Have you seen or tried the powder blush called "Apricot Totty" by POUT? 
It looks similar to Foolish Me, but when it's applied it's a little lighter, but if you have tanned skin, I imagine it would look pretty on you. 
	

	
	
		
		

		
		
	


	


_

 
oooh i'll have to check that out. have you tried it?? I've only bought lipglosses and brushes from pout. Thanks!


----------



## neotrad (Jan 27, 2008)

Quote:

   Originally Posted by *MisaMayah* 

 
_oooh i'll have to check that out. have you tried it?? I've only bought lipglosses and brushes from pout.
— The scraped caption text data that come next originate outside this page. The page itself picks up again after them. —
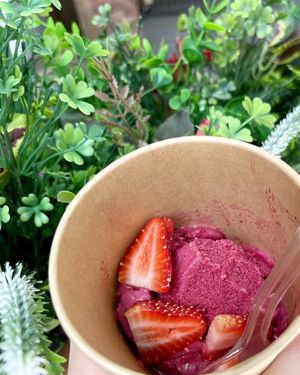 Raspberry sorbet with fresh strawberries. Perfect for Yerevan summer!
 at Future Diner in Yerevan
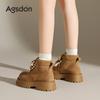 Tjockbottnade Martin boots Nya vinter Maillard rabarber boots Utomhus sammetskorta boots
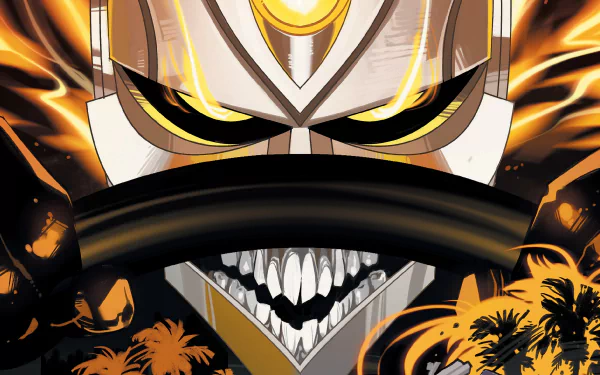 A dynamic HD wallpaper featuring All-New Ghost Rider, Robbie Reyes, showcasing his fiery transformation and menacing grin against a dark, vibrant background.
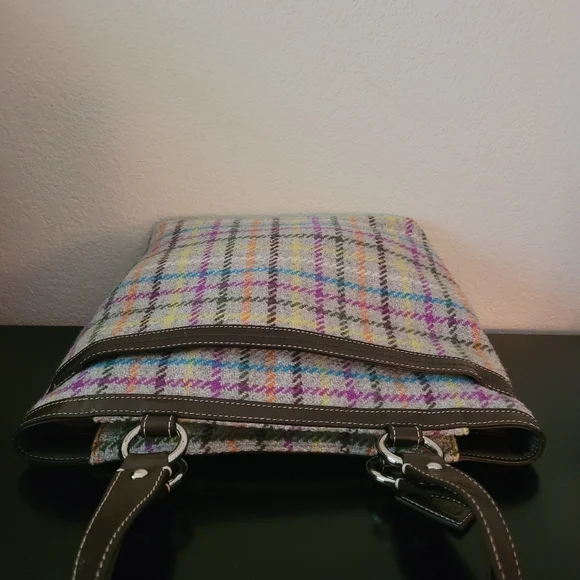 Coach Penelope Tattersall Plaid Wool Tweed Leather Handbag - Picture 8 of 13
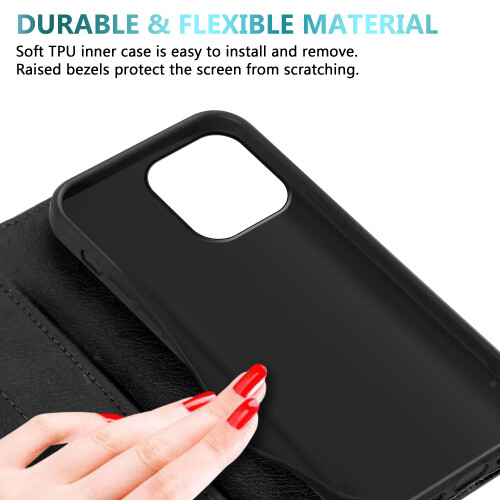 (iPhone 14 Pro Max, Black) For iPhone 14 Pro Plus Max  Leather Book Flip Wallet Case 1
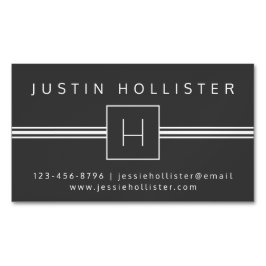 Cartão De Visitas Magnético Monograma Profissional Moderno Clássico | Cinzas e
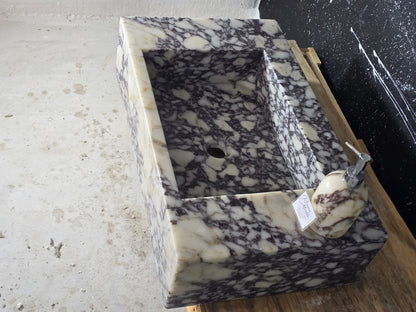 Calacatta Marble Sink – Wall Mounted Floating Vanity – Luxury Bathroom Sink Handmade
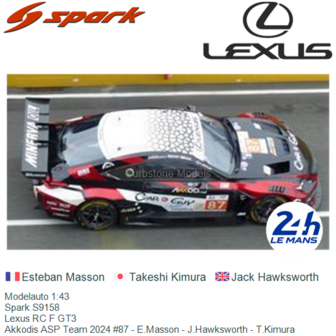 Modelauto 1:43 | Spark S9158 | Lexus RC F GT3 | Akkodis ASP Team 2024 #87 - E.Masson - J.Hawksworth - T.Kimura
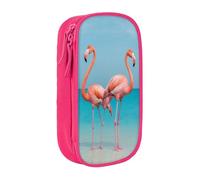 KHDKLXOHZ Cute Flamingo in Water Large Capacity Pencil Case Pen Bag Stationery Pouch Stationery Pen Case, Pencase with Compartments Zip, for School Student Girl Boy Women Men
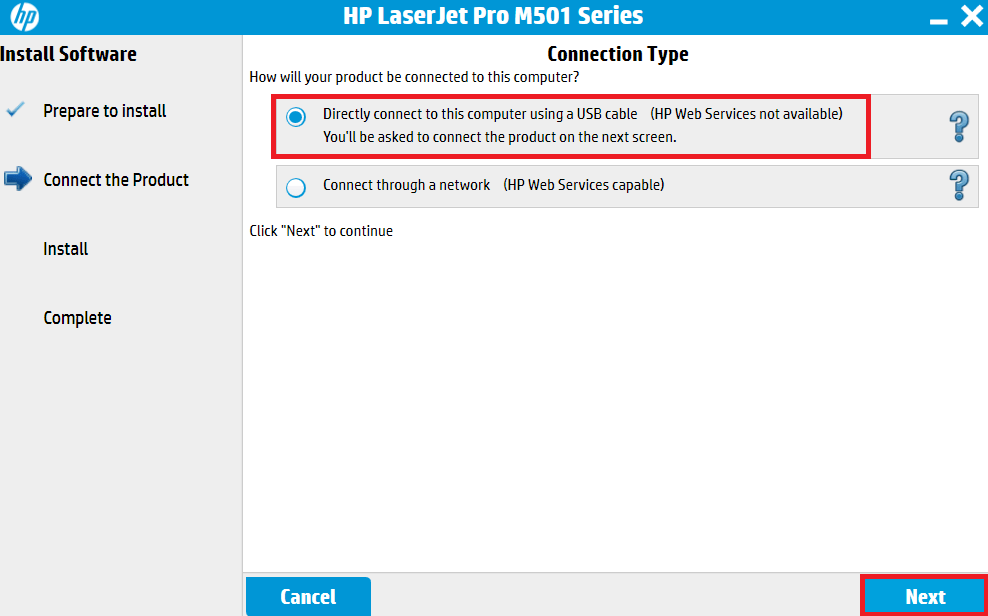 select USB connection method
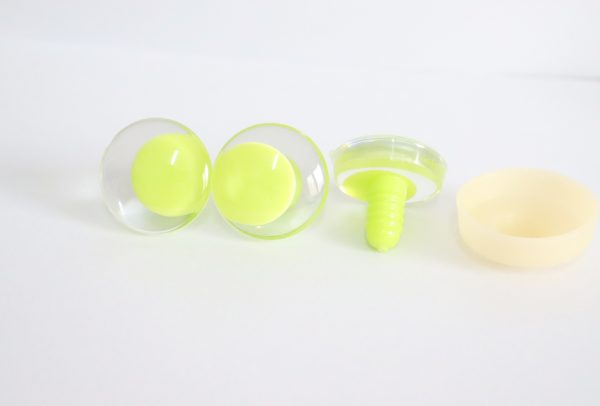 25mm 30mm 3D offcentre Clear eyes Light green  pupil clear toy eyes with sinker hard washer for diy craft doll eyes findings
Thanks!_

 

Yup, I have it. It's very intense looking on me since I have pale skin(MAC NC15 or lighter).  If you go to makeupalley.com and do a picture search for it, there are some pictures of it there


----------



## frocher (Jan 27, 2008)

.........


----------



## neotrad (Jan 27, 2008)

Quote:

   Originally Posted by *frocher* 

 
_Hasn't Pout discontinued their makeup line?  Was that just in the US?_

 
It looks like they've been discontinued...I just went to their official site. 
	

	
	
		
		

		
		
	


	



Thanks.


----------



## nunu (Jan 27, 2008)

Yes there is no more pout!


----------



## MisaMayah (Jan 27, 2008)

wow I didn't know that! I never thought their line ever did that well although their packaging was gorgeous.  I used to get my lashes done there, lucky ive learned to do it myself!! Shame


----------



## frocher (Jan 28, 2008)

Their blushes were awesome, great colors and they went on so smoothly.


----------



## MisaMayah (Jan 28, 2008)

No dupes...or similar colours anyone know of???


----------



## neotrad (Jan 30, 2008)

Quote:

   Originally Posted by *MisaMayah* 

 
_No dupes...or similar colours anyone know of???_

 
I'd like to know them if there are any that are similar(or almost the same with) to Foolish Me.  

Foolish Me is like tropical (neon-kinda) orange, in case if anyone has never seen it. 

Oh and I'm wondering if Hipness blush from Fafi collection ever looks similar to it...


----------



## frocher (Jan 30, 2008)

.......


----------



## MisaMayah (Jan 30, 2008)

I got Gina the other day - its matte n more apricot/soft coral so not like Foolish Me unfortunately (neither is Gilda), though a nice colour in its own right!. 

Hipness doesn't look frosty in the pics..I am planning on getting it still =) looks fab. 

The search goes on!!


----------